[Date Prev][Date Next][Thread Prev][Thread Next][Date Index][Thread Index]
Re: how to speed up sort for partially sorted input?
From: |
Mingye Wang |
Subject: |
Re: how to speed up sort for partially sorted input? |
Date: |
Wed, 25 Aug 2021 11:27:32 +0800 |
Hi Peng,
(This following message was mistakenly posted as a "reply", instead of
a "reply all". Apologies for the duplication.)
The current sort algorithm used by coreutils sort(1) is a mergesort,
which unfortunately does not pick up cues on partially-sorted input. A
relatively well-known algorithm that picks up partial sort order is
timsort -- the larger GNU project does make use of it in the form of
GNU Octave, but I doubt any performance benefit will come from running
an Octave script instead of sort.
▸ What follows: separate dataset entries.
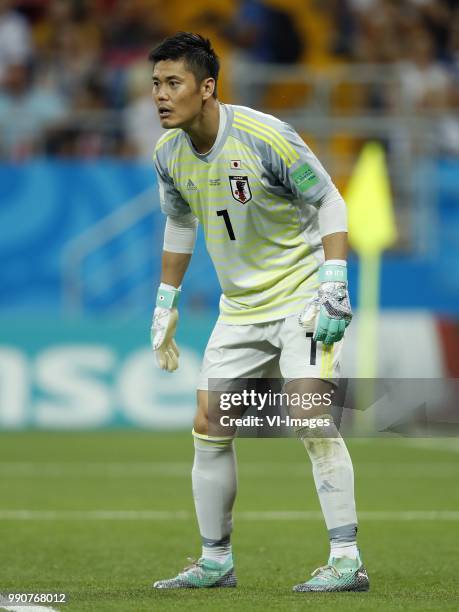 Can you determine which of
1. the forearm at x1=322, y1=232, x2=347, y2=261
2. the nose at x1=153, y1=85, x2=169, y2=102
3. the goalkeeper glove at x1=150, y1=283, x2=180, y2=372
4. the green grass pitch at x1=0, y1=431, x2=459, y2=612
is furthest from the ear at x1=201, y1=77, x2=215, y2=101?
the green grass pitch at x1=0, y1=431, x2=459, y2=612

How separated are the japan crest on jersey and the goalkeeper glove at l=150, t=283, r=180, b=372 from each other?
72 cm

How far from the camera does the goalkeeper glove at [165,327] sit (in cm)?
654

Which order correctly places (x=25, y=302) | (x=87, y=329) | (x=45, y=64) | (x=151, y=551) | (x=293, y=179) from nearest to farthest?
(x=293, y=179) → (x=151, y=551) → (x=87, y=329) → (x=25, y=302) → (x=45, y=64)

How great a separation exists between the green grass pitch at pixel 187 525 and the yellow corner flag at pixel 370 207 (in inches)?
117

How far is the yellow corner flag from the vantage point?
16750mm

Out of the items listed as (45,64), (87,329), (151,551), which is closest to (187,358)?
(87,329)

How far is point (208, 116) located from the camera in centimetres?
605

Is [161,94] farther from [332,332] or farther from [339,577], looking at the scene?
[339,577]

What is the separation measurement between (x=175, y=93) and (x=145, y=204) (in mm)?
11522

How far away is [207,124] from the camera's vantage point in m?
6.04

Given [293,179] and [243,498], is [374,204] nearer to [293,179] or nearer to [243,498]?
[243,498]

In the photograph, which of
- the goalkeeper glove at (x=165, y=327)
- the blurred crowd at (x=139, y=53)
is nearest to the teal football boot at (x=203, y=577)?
the goalkeeper glove at (x=165, y=327)

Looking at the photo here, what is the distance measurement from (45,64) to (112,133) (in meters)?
1.41

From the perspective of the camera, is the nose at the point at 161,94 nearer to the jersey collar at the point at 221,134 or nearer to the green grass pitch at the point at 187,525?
the jersey collar at the point at 221,134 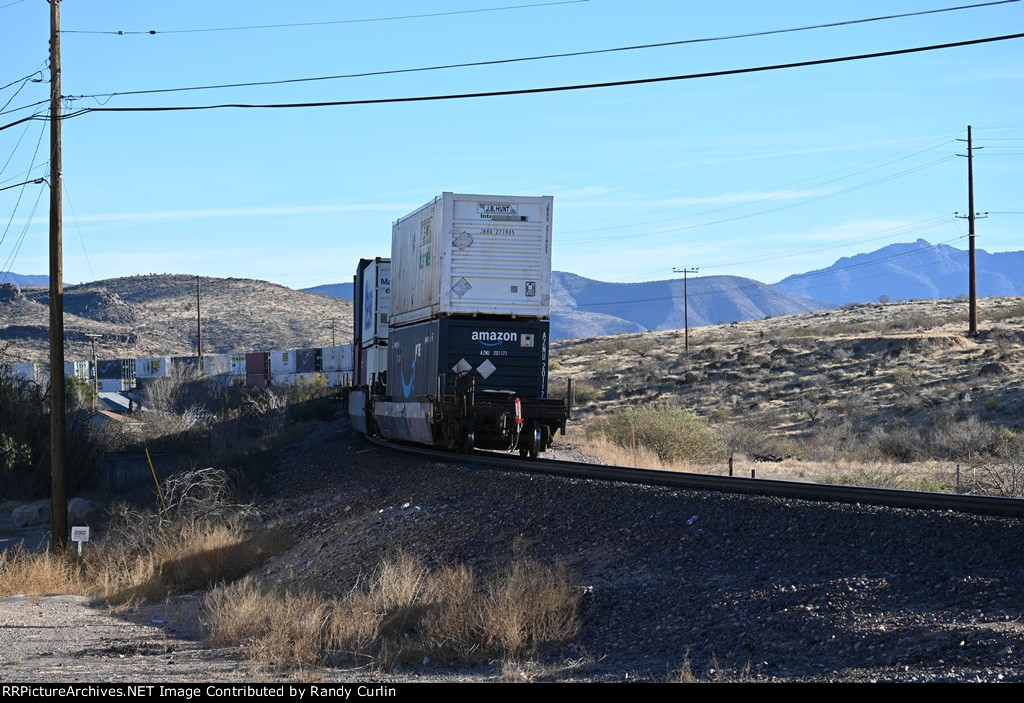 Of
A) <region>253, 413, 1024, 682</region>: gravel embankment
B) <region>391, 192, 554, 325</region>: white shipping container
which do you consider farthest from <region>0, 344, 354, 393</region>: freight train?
<region>253, 413, 1024, 682</region>: gravel embankment

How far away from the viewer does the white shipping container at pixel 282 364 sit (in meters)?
80.9

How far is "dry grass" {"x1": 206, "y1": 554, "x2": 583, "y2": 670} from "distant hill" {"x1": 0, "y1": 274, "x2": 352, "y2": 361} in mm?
115145

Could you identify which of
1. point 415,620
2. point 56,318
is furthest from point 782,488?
point 56,318

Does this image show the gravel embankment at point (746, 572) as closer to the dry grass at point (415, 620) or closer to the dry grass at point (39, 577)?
the dry grass at point (415, 620)

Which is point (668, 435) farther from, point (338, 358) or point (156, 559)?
point (338, 358)

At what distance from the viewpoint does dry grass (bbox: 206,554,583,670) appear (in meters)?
10.6

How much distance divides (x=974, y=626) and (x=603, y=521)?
5697 millimetres

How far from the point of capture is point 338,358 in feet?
232

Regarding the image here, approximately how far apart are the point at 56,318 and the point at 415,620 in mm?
12206

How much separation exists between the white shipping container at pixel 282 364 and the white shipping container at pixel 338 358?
7.65 meters

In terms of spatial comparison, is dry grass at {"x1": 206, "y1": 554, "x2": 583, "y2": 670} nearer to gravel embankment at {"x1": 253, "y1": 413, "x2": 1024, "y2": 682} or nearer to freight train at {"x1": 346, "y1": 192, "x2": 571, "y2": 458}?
gravel embankment at {"x1": 253, "y1": 413, "x2": 1024, "y2": 682}

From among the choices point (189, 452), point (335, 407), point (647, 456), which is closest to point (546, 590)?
point (647, 456)

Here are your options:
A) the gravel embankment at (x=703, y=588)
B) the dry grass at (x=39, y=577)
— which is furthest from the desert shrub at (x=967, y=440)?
the dry grass at (x=39, y=577)

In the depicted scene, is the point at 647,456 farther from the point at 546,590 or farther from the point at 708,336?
the point at 708,336
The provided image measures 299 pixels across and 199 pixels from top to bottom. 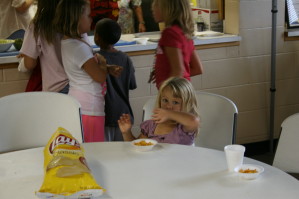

Checking the list of languages
making use of timsort[1] might lead you to a good choice though --
people reimplement Unix utilities in other languages a lot.
[1]: https://en.wikipedia.org/wiki/Timsort
It might be interesting to propose a change to timsort in coreutils,
but I am not sure what the trade-offs are exactly compared to the
current Knuth merge-sort.
Cheers,
Mingye Wang (Artoria2e5)